While the peloton will maintain a steady pace, I expert somewhere along this stretch for the yellow jersey leader to call a pee break and the breakaway to form a 3-4 minute lead.
After the first KOM points of the day, they’ll turn left onto Angeles Forest Highway where they’ll start a 25 mile loop that faces a chance of sabotage since I have some Strava recognition somewhere along this stretch.
AFH has a nice downhill in the middle bookended by a couple of false flats before they turn onto one of my favorite roads, Upper Big Tujunga Road.
Upper Big T is one of my all-time favorite roads.
Not only is it perfectly paved in the middle of gorgeous scenery, but there’s rarely a time I come across another car out there. Look above. Why even two lanes?
The road gets progressively steeper as you go along, but the final section after a hairpin turn never seems that bad with the shifting of the winds.
After passing another KOM checkpoint, the riders will return back onto ACH with a series of rollers before they’ll be shredding the downhill past Red Box.
Locals love Big T so much, they have their own sock(photo by Volaractive)
They’ll then finish the loop turning again onto AFH before making their way down Big Tujunga Road. It never seems to be that much fun going down because you forget about the little inconvenient hills that make you work along with the crosswinds.
At the bottom, they’ll officially make their way into the San Fernando Valley where we’ll see some of the top teams put in work to bring back some time on the breakaway.
After TV coverage gets some shots of grazing horses, they’ll make their way onto one of my favorite climbs, Little Tujunga.
The road rises very slowly with a couple of punchy inclines to keep you awake. If the breakaway wants to maintain their lead, they’re really going to have to work hard across this stretch.
So much loneliness/pain/joy on Little T
After the last downhill section, a small bridge welcomes you to a steady 2.2 miles of climbing at a steady 7.5%. This is a tough, but fun portion as your joy will come once you find your tempo.
It’s at the top of the first peak where I think is the best vantage point for cycling fans, as you’ll get a good mile view of the leaders coming up.
Over the top, riders will take in a number of sharp turns, but what I’m curious about is the final one which as a quick right turn I have always found deceiving.
After flattening out briefly, the riders will be greeted to a short, but steep 1.4 mile climb that gets called as Cat 2 climb for averaging 7.6% upward.
This is the last major climb of the day and I expect a lot of fans to be at the top of Bear Divide, but I don’t think they’ll get as much of a view as they wish.
My only regret is that they didn’t turn left onto the Santa Clarita Truck Trail to finish up at Camp 9, but then again, with all the fire helicopters leaving for duty, maybe that’s a good thing.

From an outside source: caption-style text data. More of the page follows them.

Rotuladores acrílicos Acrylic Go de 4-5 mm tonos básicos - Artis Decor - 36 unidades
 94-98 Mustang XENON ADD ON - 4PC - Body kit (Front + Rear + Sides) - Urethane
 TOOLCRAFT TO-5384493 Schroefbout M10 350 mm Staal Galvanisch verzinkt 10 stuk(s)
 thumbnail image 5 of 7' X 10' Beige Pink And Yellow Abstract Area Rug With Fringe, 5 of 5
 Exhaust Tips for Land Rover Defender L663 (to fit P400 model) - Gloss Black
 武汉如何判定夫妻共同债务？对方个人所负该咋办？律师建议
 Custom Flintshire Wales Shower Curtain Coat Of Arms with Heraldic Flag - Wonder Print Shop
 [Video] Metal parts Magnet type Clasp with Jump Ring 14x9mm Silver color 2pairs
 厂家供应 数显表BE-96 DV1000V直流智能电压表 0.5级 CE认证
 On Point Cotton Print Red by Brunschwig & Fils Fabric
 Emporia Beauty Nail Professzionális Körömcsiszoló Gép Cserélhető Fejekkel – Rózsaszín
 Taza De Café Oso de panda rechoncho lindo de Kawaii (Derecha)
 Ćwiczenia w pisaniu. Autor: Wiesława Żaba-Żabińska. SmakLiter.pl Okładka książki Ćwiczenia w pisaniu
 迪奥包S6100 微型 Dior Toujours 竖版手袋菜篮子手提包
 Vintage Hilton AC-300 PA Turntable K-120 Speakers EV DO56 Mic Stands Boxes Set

It would have been cool if the stage ended as those blades were spinning. Just saying…
Continuing on, the descent is fast and remembering how many times I’ve smelt the friction coming from braking carbon wheels, I expect the chase to be full on with the last twenty miles, seeing the peloton blast at high speeds, save for a couple of spots on the Old Highway.
I really hope with the firepower coming from the top end classics riders that a breakaway will stick, but they’ll have a great distance to cover with the hope of fending off a peloton.
It should come down to a sprint finish in Santa Clarita, but who am I to complain? The Valley will get plenty of air time and a lot of people will be exposed to a couple of our great climbs.
Will you see CiclaValley out on the course? How else would I keep my name?